Bonding bills fund projects such as repairs for state and college buildings and new facilities, trails and other state infrastructure projects.

The Senate bonding committee, meanwhile, has established a website at build.mn to explain major projects being considered for funding.


Committee Chairman LeRoy Stumpf, D-Plummer, said Minnesotans should look over the site.

"We all benefit when more people are engaged in the capital investment process," Stumpf said.

Business filings high in 2013

Secretary of State Mark Ritchie reports that 58,260 new businesses registered with his office last year, the third-highest number on record.

"This is a positive signal of Minnesota's continued economic growth and employment opportunities," Ritchie said. "Our state has a healthy environment for business and we hope to see this growth continue in 2014."

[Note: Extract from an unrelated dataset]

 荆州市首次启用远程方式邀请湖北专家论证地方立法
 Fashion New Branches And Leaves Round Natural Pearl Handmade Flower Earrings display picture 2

The 2013 business filings represent a 17.5 percent increase from 10 years ago.

Grams noted for leadership

Former U.S. Sen. Rod Grams' widow received an award for his work that help bring the Amber Alert system to Minnesota.

Grams, who died of cancer last year, was key to making Minnesota the seventh state to use the alert as a way to track down missing children. Law enforcement authorities say the system used 28 times since it began, with all 28 children located.

The award also noted Grams' involvement in a variety of community organizations. For instance, Little Falls radio stations Grams and his wife, Chris, owned offer free time to community organizations.